[Extracted information]
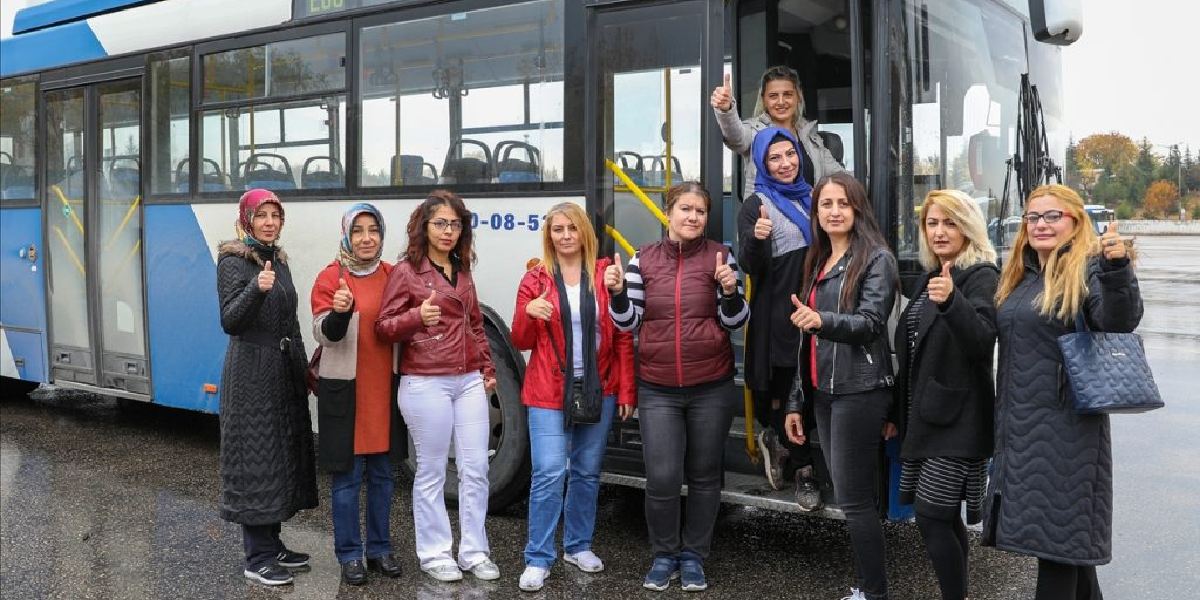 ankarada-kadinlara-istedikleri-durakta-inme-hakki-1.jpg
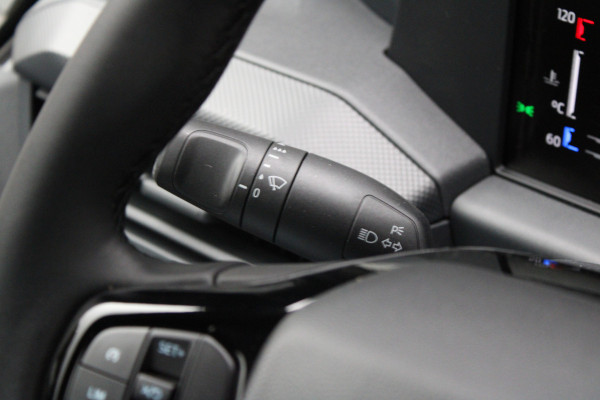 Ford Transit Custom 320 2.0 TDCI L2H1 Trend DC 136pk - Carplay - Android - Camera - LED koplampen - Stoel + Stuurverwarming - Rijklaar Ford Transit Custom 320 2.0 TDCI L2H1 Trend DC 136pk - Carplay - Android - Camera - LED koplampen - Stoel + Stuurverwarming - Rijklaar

==

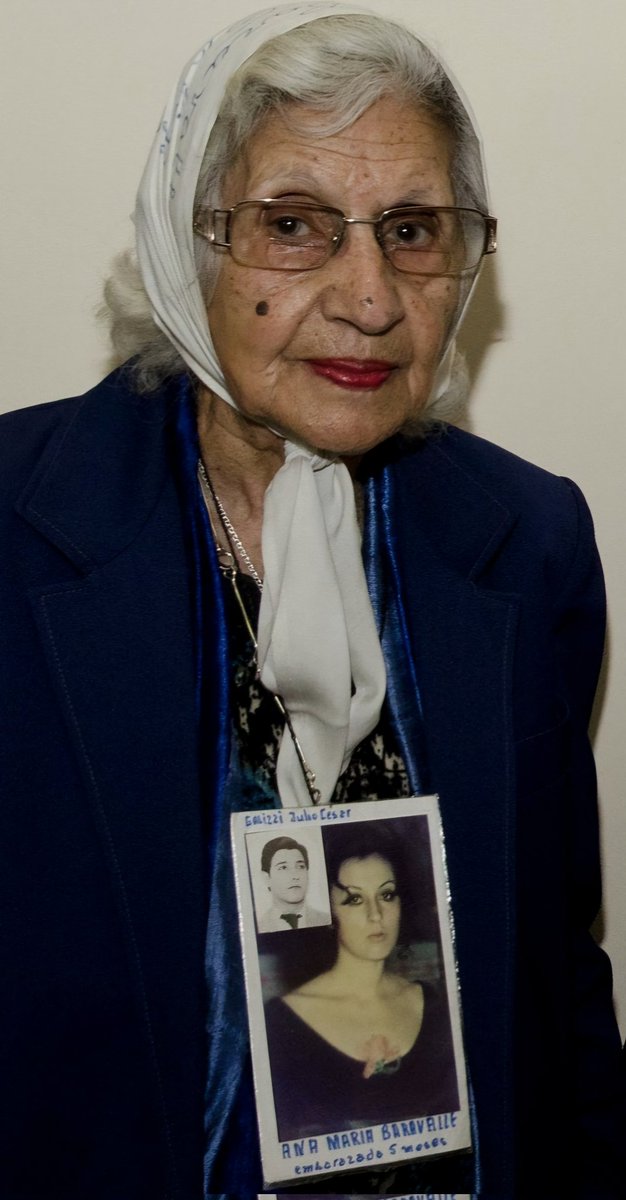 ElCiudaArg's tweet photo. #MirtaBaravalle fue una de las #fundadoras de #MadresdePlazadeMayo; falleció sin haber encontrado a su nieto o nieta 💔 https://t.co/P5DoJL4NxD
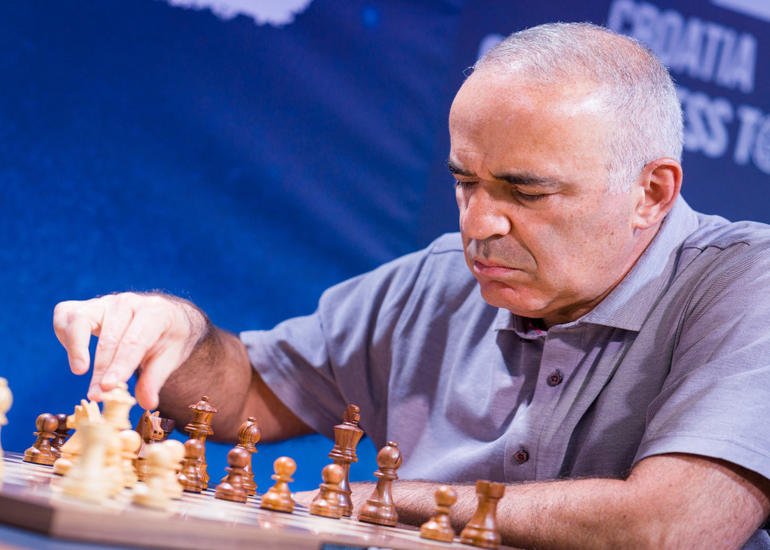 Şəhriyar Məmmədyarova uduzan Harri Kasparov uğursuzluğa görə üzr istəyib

[About this exercise] What you return from the records above should be exactly everything from the line with "ankarada-kadinlara-istedikleri-durakta-inme-hakki-1.jpg" down to the line with "- Rijklaar Ford", both kept, and no pictures.

[Solution]
 ankarada-kadinlara-istedikleri-durakta-inme-hakki-1.jpg
 Ford Transit Custom 320 2.0 TDCI L2H1 Trend DC 136pk - Carplay - Android - Camera - LED koplampen - Stoel + Stuurverwarming - Rijklaar Ford Transit Custom 320 2.0 TDCI L2H1 Trend DC 136pk - Carplay - Android - Camera - LED koplampen - Stoel + Stuurverwarming - Rijklaar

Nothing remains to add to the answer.